-- RAW DATA follows --

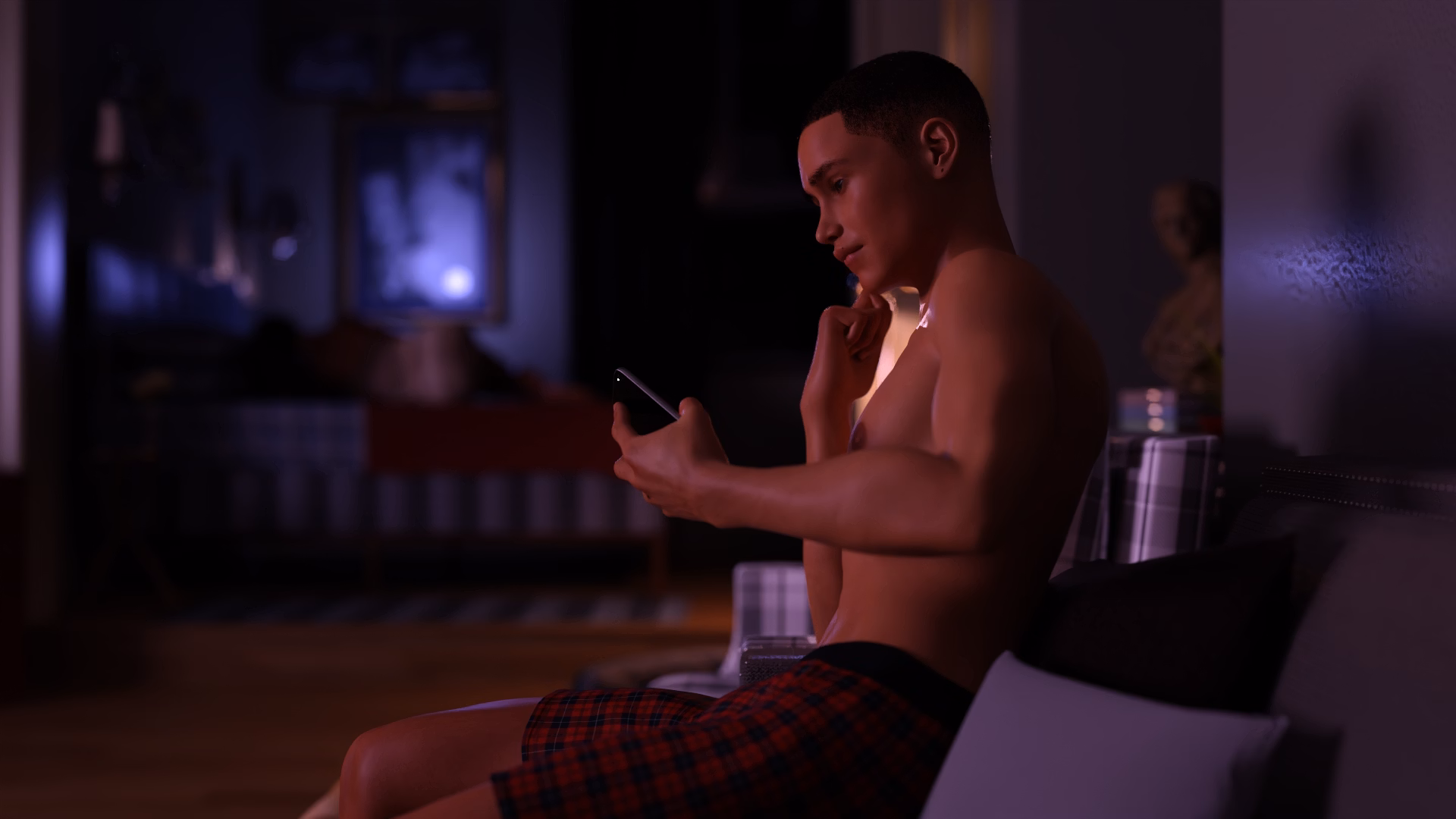 VN Ren'Py Abandoned Connected [v0.2.5] [ChainZero]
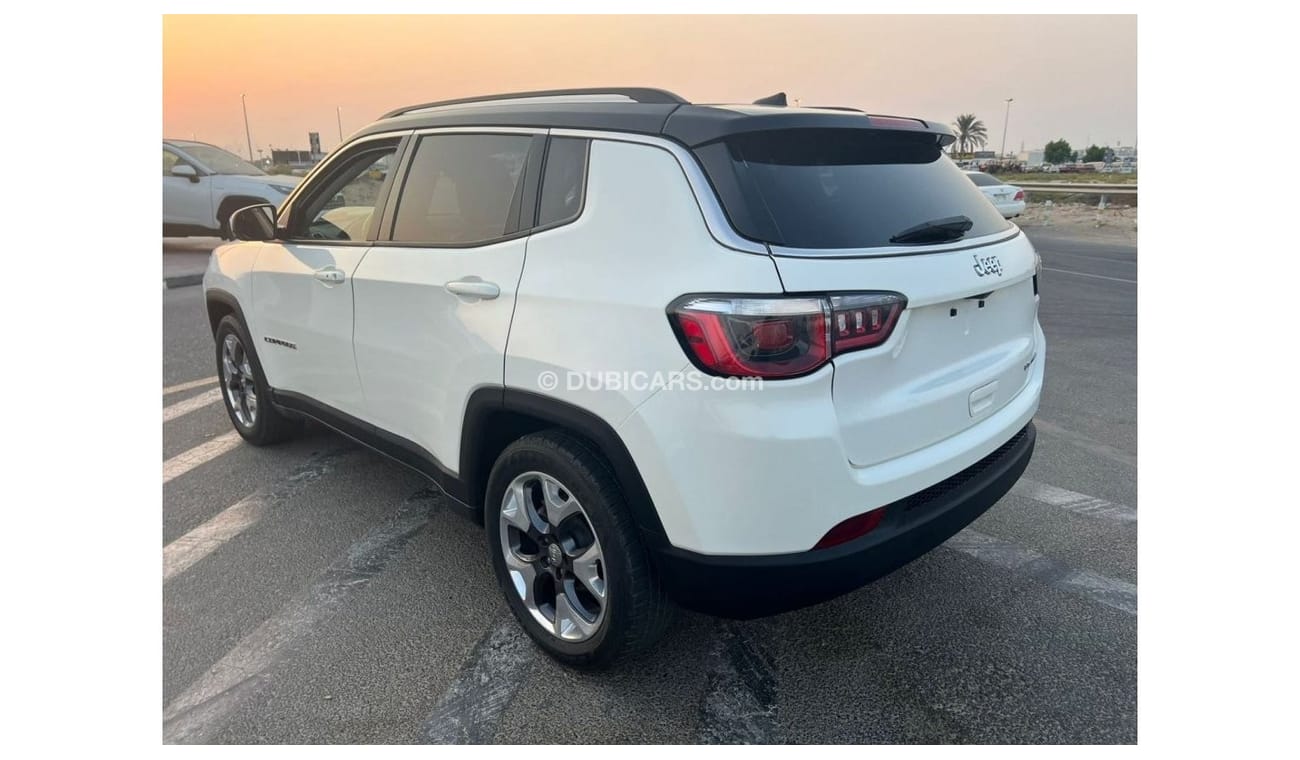 Jeep Compass 2020 Jeep Compass Limited 2.4L 4 Cylinder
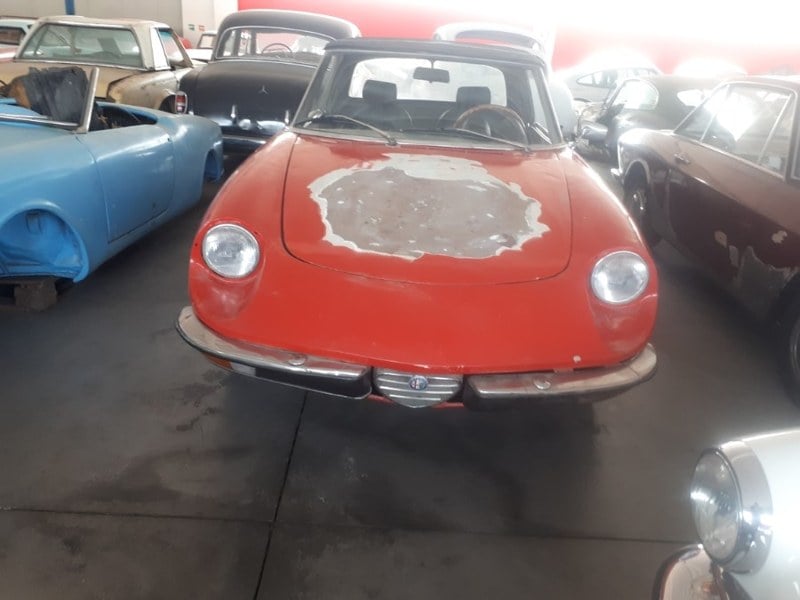 1973 Alfa Romeo Spider - 2 1973 Alfa Romeo Spider - 2
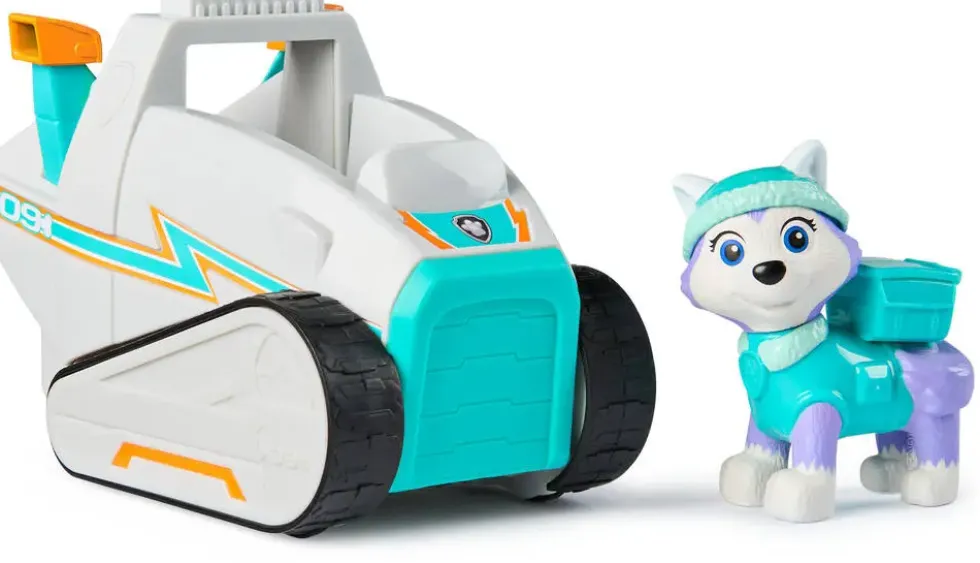 LA PAT' PATROUILLE - VEHICULE + FIGURINE EVEREST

-- RAW DATA concluded --

→ ASSIGNED TASK
Leave out all pictures and extract exactly the lines from the line with "1973 Alfa Romeo Spider - 2 1973" through the end of the material.

→ COMPLETED TASK
 1973 Alfa Romeo Spider - 2 1973 Alfa Romeo Spider - 2
 LA PAT' PATROUILLE - VEHICULE + FIGURINE EVEREST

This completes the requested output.